Founder of Heise Metal Sculpture in 1966, Bill Heise discovered interesting shapes in the rusting hulks of old farm equipment around his home in rural Vermont. This “found metal,” as he called it, became the template for a sculptural style honed after earning a degree in art education at State University of New York at Buffalo. Employing a twist on the concept of “swords into ploughshares,” Bill assembled these various shapes to create unique sculptures with graceful lines and distinct personalities. The ethereal forms of his pieces defied the rugged origins of each component part, resulting in elegant herons, agile horses, whimsical cows.

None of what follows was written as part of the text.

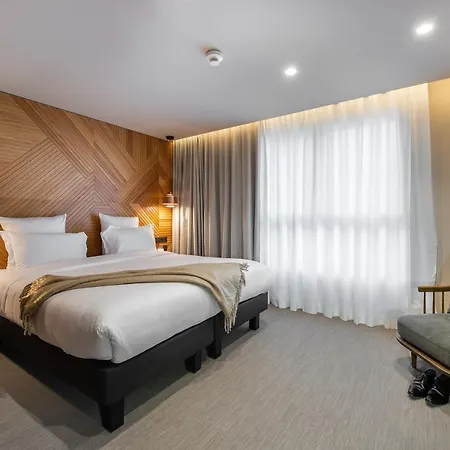 9hotel Paquis Geneva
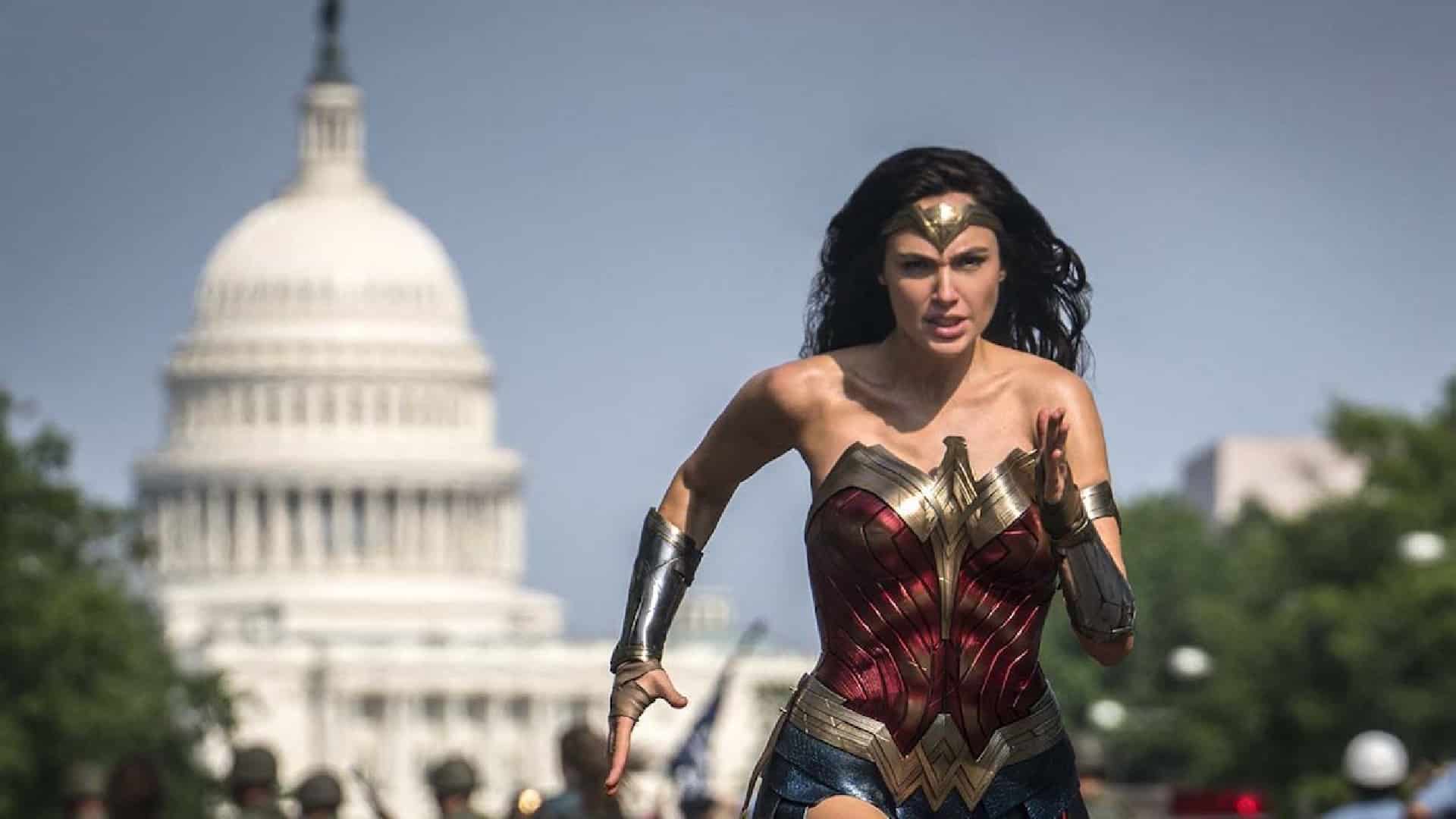 Wonder Woman 1984: ecco il runtime e il nuovo poster IMAX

Intrigued with his uncle’s alchemy while growing up, and now proudly carrying the proverbial “torch” for Heise Metal Sculpture, Chad Heise strictly adheres to the principles and methods taught to him by his uncle. He crafts a diversity of one-of-a-kind wildlife sculptures, using obsolete agricultural, maritime, and industrial components, thus repurposing metal from a bygone era–a plow disc which faithfully turned soil for a century becomes an angelfish, a pitchfork tine the beak of crane bent to sip water.

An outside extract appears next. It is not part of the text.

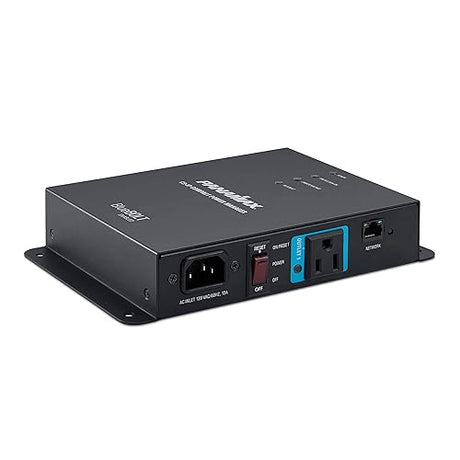 Panamax C3-IP Compact Power Manager - BlueBOLT-Enabled 3-Outlet Power Conditioner and Power Sequencer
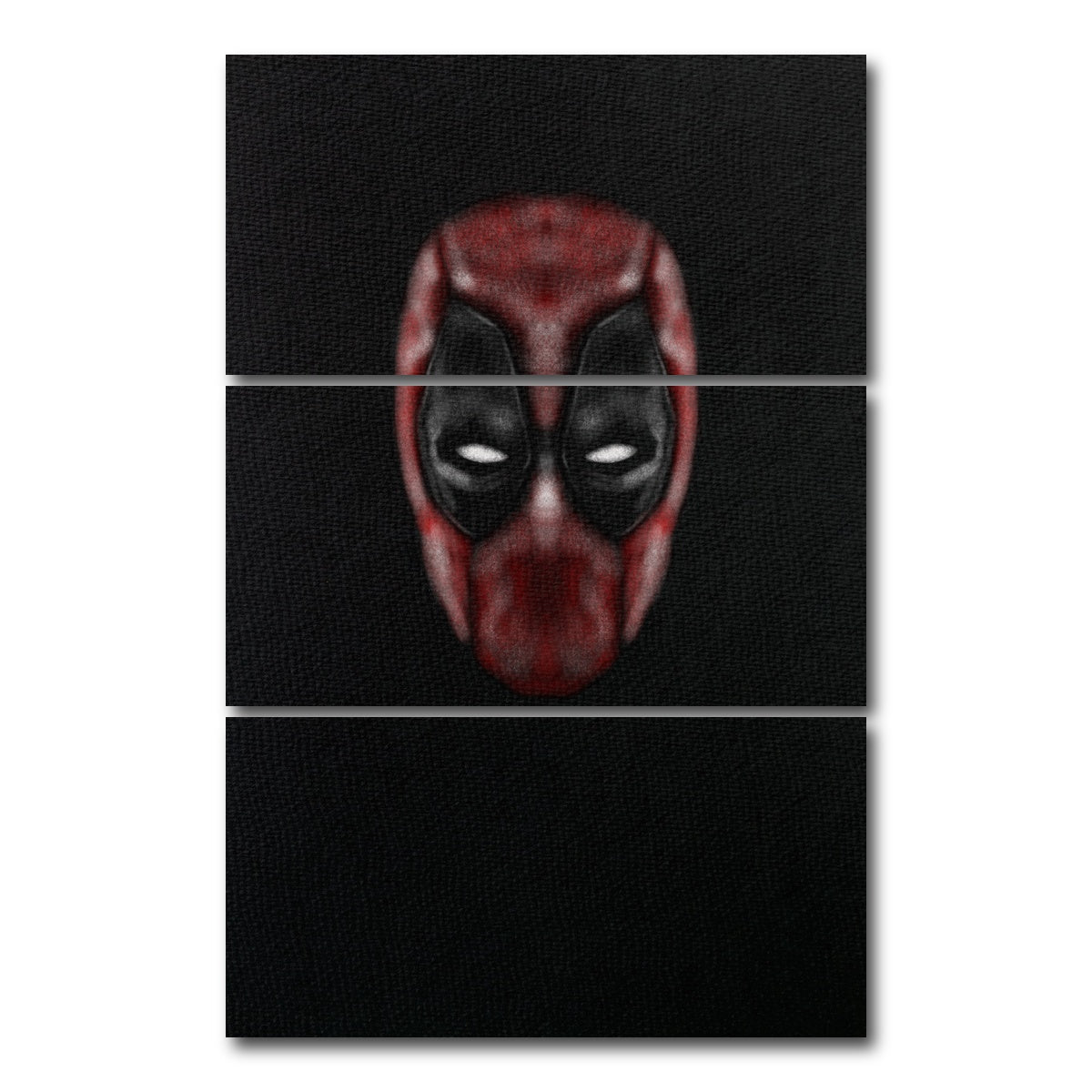 AUTO-MOCKUP WHITE | DP | 3 Piece | Gallery Wrap Canvas | group=12x24_stacked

A blacksmith by trade, Dan Raimond became interested in Bill Heise’s designs, and Bill’s concept of using salvaged metal. Dan has worked with Heise Metal Sculpture since 2007, and by using discarded brass instruments, copper, and auto chrome, he has brought his own unique signature to the work. Quirky elephant ears are cut from drum cymbals, a resolute Don Quixote is constructed with the galvanized blade of an old windmill.